This Father’s Day I got a special visit from my son, that included a sit down and heart to heart conversation. The conversation wasn’t a surprise to me, I spend a lot of time talking with my children about the events that occur in their lives. The surprising thing about the conversation, is the fact that my son feels that he was raised correctly.
The reason I am so amazed, is because I never considered the job I did with my kids, “a good job.” There have been times that I feel I haven’t been the best father to my children. These times haunted me as I watched them grow. It was as if, I could see the errors I made as a father, in the choices they made throughout life. The possibility that I might have achieved my goal as a parent, to make children that can give something back to the world, is a bit humbling.
Being a parent is one of the most important things I have done in my life. I find that fatherhood is a difficult wonder, that can give you joy and cause angst. I remember watching each of my children as they ventured around our home on their first steps. The feeling of neglect, yes I said neglect, when I walked away from their kindergarten classrooms on their first day. I wanted each to look back and say “I can’t, I want to go home with you daddy.” Yes, I would have made them stay, but the emotion would have been great. Throughout it all, I have enjoyed the journey, but I never thought I was doing it right.
My son’s honest review of the job I’d done, was an incredible blessing, that I can’t help but share with my readers. Hearing that I have been able to raise a few wonderful children into adults, has made me more secure with the other things I attempt. The crazy thing is, I often believe that people can be the harshest judge, when judging themselves.
Knowing that I have been judging myself so harshly because of some personal idea of what a father should entail, tells me that I should be more lenient with myself. That my fatherly decisions may not have been right but they did the job. Isn’t that what parents hope when they’re raising their kids?
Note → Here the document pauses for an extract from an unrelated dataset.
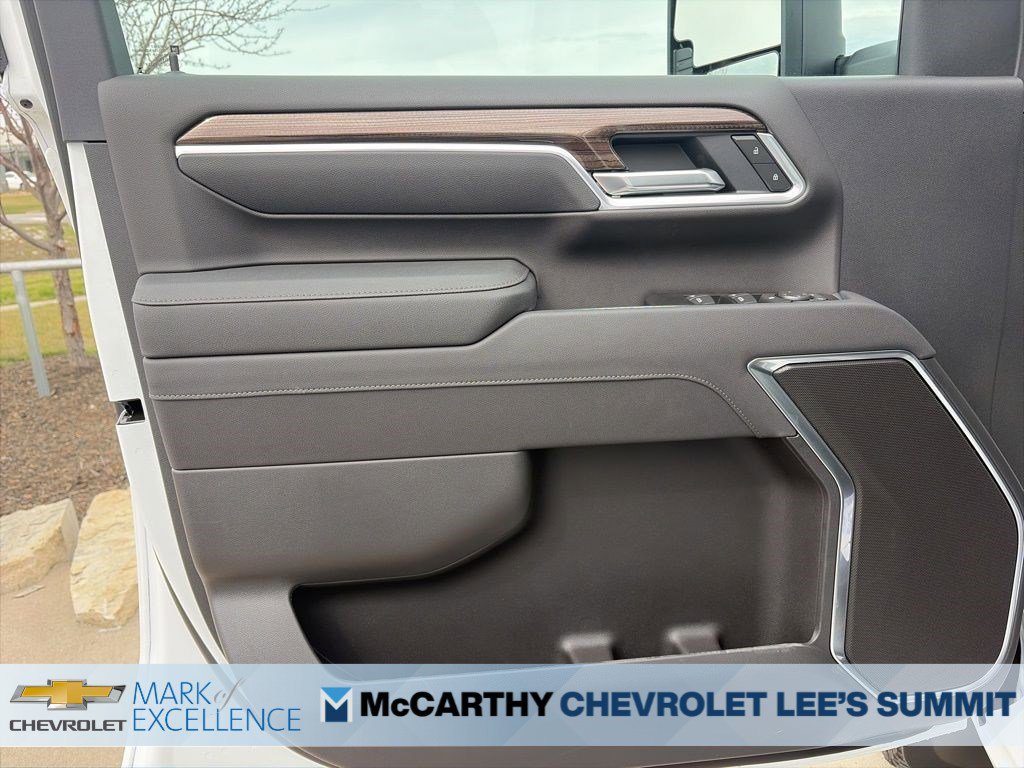 New 2026 Chevrolet Silverado 3500 LT AWD/4WD image 49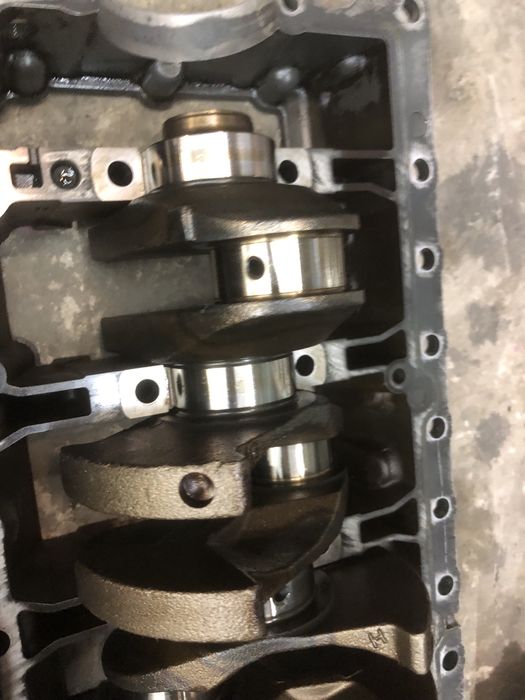 Колінвал bmw n52b30 55 шатун поршень головка мотор розпредвал e70 e60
My advice to you, the reader that may not notice that you’re being a bit harsh with your own review of whatever work you’re doing; stop judging your efforts under such intense scrutiny. The world is full of people that seem all too happy to judge you and everything about you. Spend your time on this planet working towards your dreams, because this life is too short to worry about another person’s judgment of you. Strive for success because you will be judged either way.